■ Assignment ■
What lines in the records below include the word "Sneakers"? Return each one.

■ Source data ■
▼▼▼

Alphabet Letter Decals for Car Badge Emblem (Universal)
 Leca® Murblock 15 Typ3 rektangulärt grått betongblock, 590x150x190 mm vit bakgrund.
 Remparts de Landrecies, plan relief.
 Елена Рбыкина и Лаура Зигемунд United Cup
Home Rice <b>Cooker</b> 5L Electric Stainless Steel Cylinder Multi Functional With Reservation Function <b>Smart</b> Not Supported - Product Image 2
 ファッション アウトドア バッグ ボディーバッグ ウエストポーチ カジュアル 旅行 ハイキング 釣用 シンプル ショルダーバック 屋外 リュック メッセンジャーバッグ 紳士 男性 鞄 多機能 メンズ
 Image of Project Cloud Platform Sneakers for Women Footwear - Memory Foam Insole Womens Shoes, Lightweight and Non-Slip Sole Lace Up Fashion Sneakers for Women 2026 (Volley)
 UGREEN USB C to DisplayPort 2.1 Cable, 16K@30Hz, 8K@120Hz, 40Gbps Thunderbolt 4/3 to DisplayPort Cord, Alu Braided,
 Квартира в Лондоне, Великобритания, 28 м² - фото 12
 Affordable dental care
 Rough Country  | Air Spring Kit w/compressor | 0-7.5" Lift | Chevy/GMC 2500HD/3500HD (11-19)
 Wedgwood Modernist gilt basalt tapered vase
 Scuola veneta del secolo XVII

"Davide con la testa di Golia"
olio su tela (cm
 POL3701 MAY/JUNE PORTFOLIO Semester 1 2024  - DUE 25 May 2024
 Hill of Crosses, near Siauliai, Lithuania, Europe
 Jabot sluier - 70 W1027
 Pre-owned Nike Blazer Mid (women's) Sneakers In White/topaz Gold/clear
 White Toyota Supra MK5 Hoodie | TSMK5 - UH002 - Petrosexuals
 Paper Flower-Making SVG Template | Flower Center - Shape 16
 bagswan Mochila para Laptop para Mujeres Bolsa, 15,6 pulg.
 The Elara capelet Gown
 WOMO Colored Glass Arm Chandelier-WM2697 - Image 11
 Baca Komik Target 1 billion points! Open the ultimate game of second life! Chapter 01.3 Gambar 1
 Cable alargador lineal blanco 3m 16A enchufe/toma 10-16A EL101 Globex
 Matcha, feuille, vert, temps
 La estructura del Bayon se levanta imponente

▲▲▲

■ Solution to this problem ■
 Image of Project Cloud Platform Sneakers for Women Footwear - Memory Foam Insole Womens Shoes, Lightweight and Non-Slip Sole Lace Up Fashion Sneakers for Women 2026 (Volley)
 Pre-owned Nike Blazer Mid (women's) Sneakers In White/topaz Gold/clear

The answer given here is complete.